Due Process in WTO Disputes
in Rufus Yerxa & Bruce Wilson (eds), Key Issues in WTO Dispute Settlement: The First Ten Years (Cambridge: WTO/Cambridge University Press, 2005) 144–160 (ISBN 0521861594)
15 Pages Posted: 28 Sep 2015 Last revised: 19 Apr 2018
Date Written: 2005
Due process is a necessary component of any legal system seeking legitimacy and effectiveness. The dispute settlement system of the WTO is no exception. Indeed, the potentially vast political and economic effects of trade liberalization and protectionism, the opportunity for Members to challenge domestic regulations of sovereign governments using WTO rules, and the power differences between WTO Members all heighten the need for fair rule enforcement in the WTO. WTO due process obligations are of two types. The first are obligations imposed within the WTO dispute settlement system, such as the rules that protect fairness between the parties in panel proceedings. The second are obligations imposed on WTO Members to ensure due process in their domestic legal systems, such as Article X:3(a) of the GATT 1994, which requires that all ‘laws, regulations, decisions and rulings’ of the kind described in Article X:1 be administered ‘in a uniform, impartial and reasonable manner’. While both types of due process obligations are important and could be the subject of a WTO dispute settlement proceeding, for reasons of space, this chapter is restricted to the first type.

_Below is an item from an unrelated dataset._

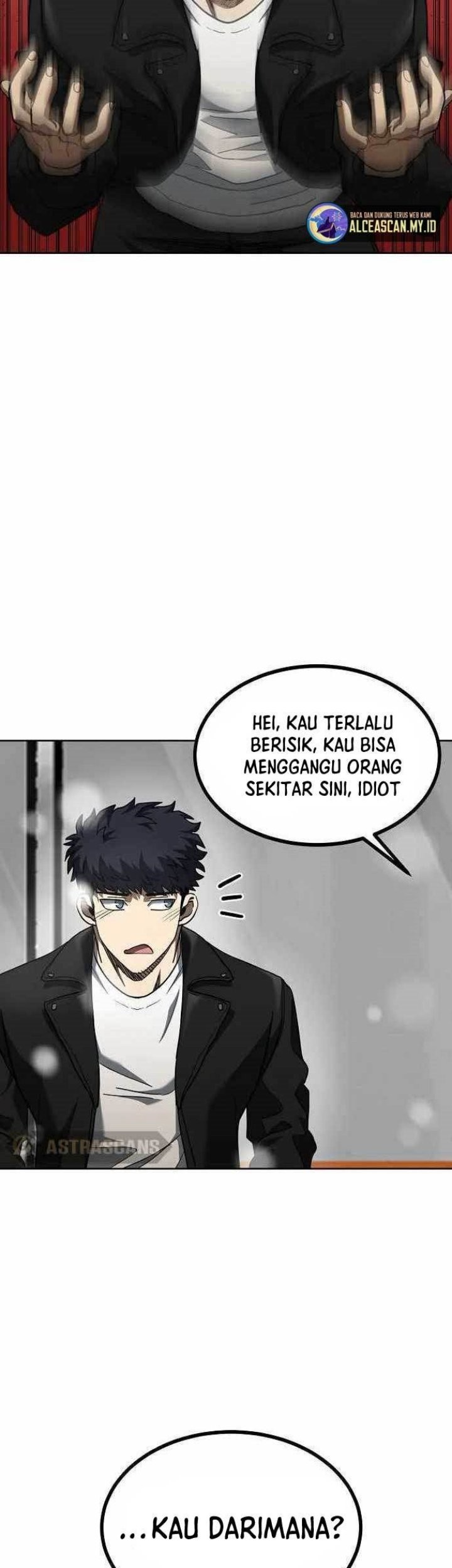 I Was Forced by the System to Become a Villain Chapter 73 - halaman 47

This chapter begins by examining the content of the principle of due process and its justification, placing the specific meaning of the principle in the WTO within its wider context in domestic law and international law generally. Although the obligations discussed in this section relate primarily to the provision of due process in domestic legal systems, they also assist in understanding the nature of due process in the WTO dispute settlement system. Next I examine the WTO provisions that can be seen as imposing due process obligations in relation to the dispute settlement system, taking into account the interpretation of these provisions to date by WTO panels and the Appellate Body (described for convenience as WTO adjudicating bodies in this chapter). Finally, I consider the inherent powers of WTO adjudicating bodies to protect due process in disputes, independent of any specific WTO provisions. This chapter does not address the WTO obligations imposed on Members to ensure due process in their domestic legal systems, such as through Article X:3(a) of the GATT 1994, which requires that all ‘laws, regulations, decisions and rulings’ of the kind described in Article X:1 be administered ‘in a uniform, impartial and reasonable manner’.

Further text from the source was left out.